START RAW DATA

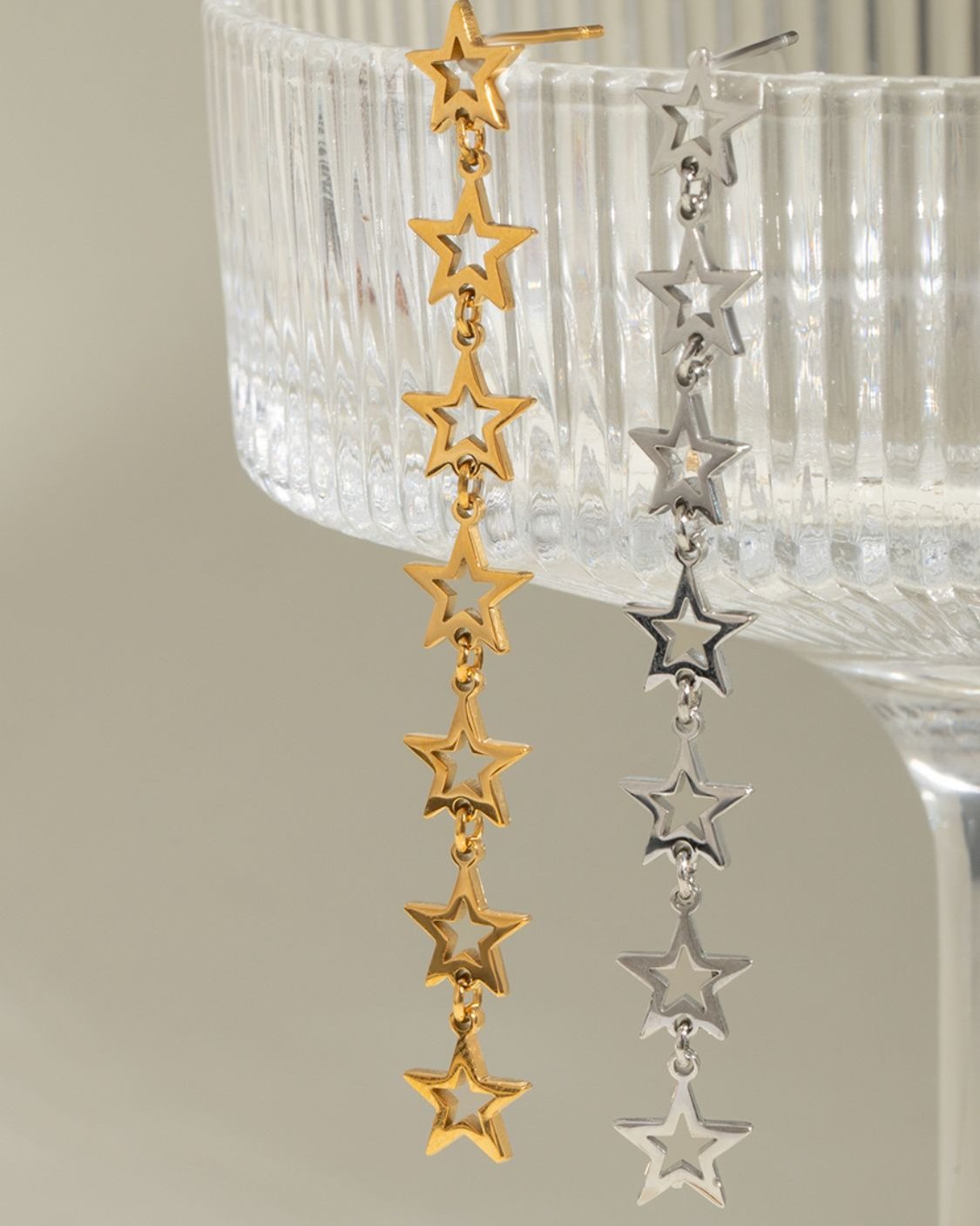 Cutout Star Earrings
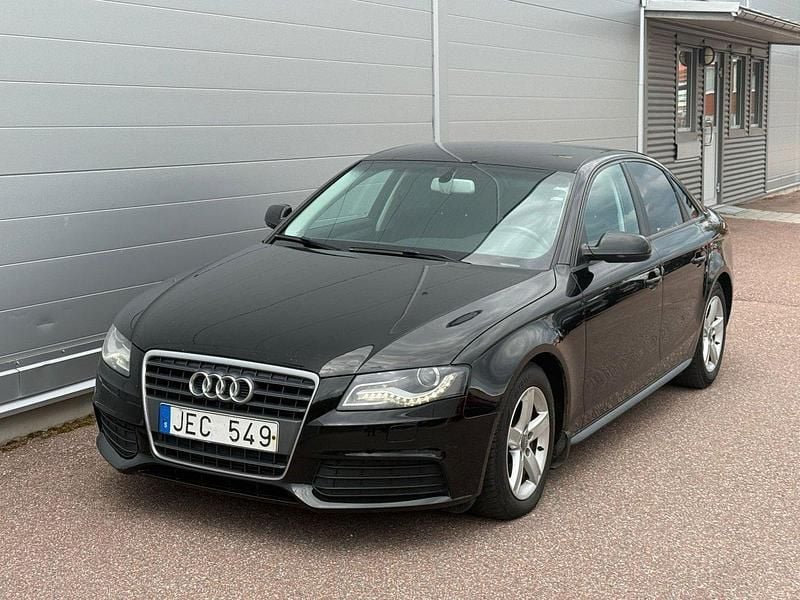 Svart Begagnad 2011 Audi A4 Sedan | 74 900 kr (Marknadspris) - Bild 1/4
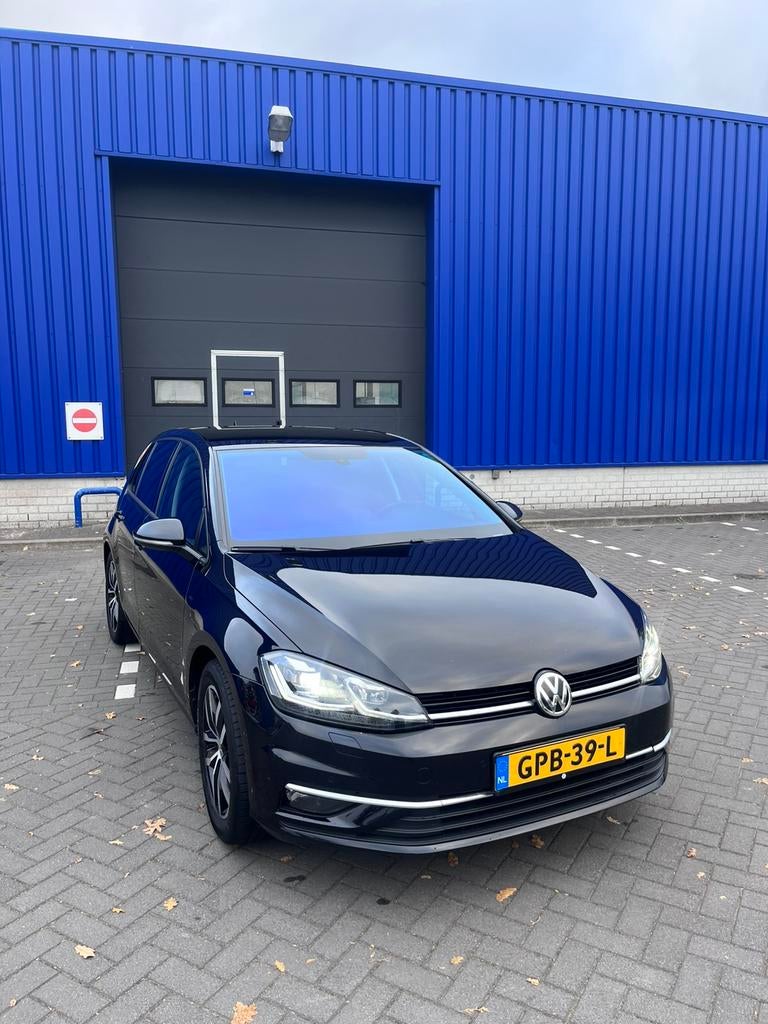 Volkswagen Golf 7.5 1.5 TSI 190pk 7-DSG 5D 2019 Zwart, Auto's, 1498 cc, 4 cilinders, Zwart, 1240 kg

END RAW DATA

▶ _WHAT TO DO_:
The answer must be the listing above, restated word for word, with no images in it.

▶ _ANSWER FOR THIS EXERCISE_:
 Cutout Star Earrings
 Svart Begagnad 2011 Audi A4 Sedan | 74 900 kr (Marknadspris) - Bild 1/4
 Volkswagen Golf 7.5 1.5 TSI 190pk 7-DSG 5D 2019 Zwart, Auto's, 1498 cc, 4 cilinders, Zwart, 1240 kg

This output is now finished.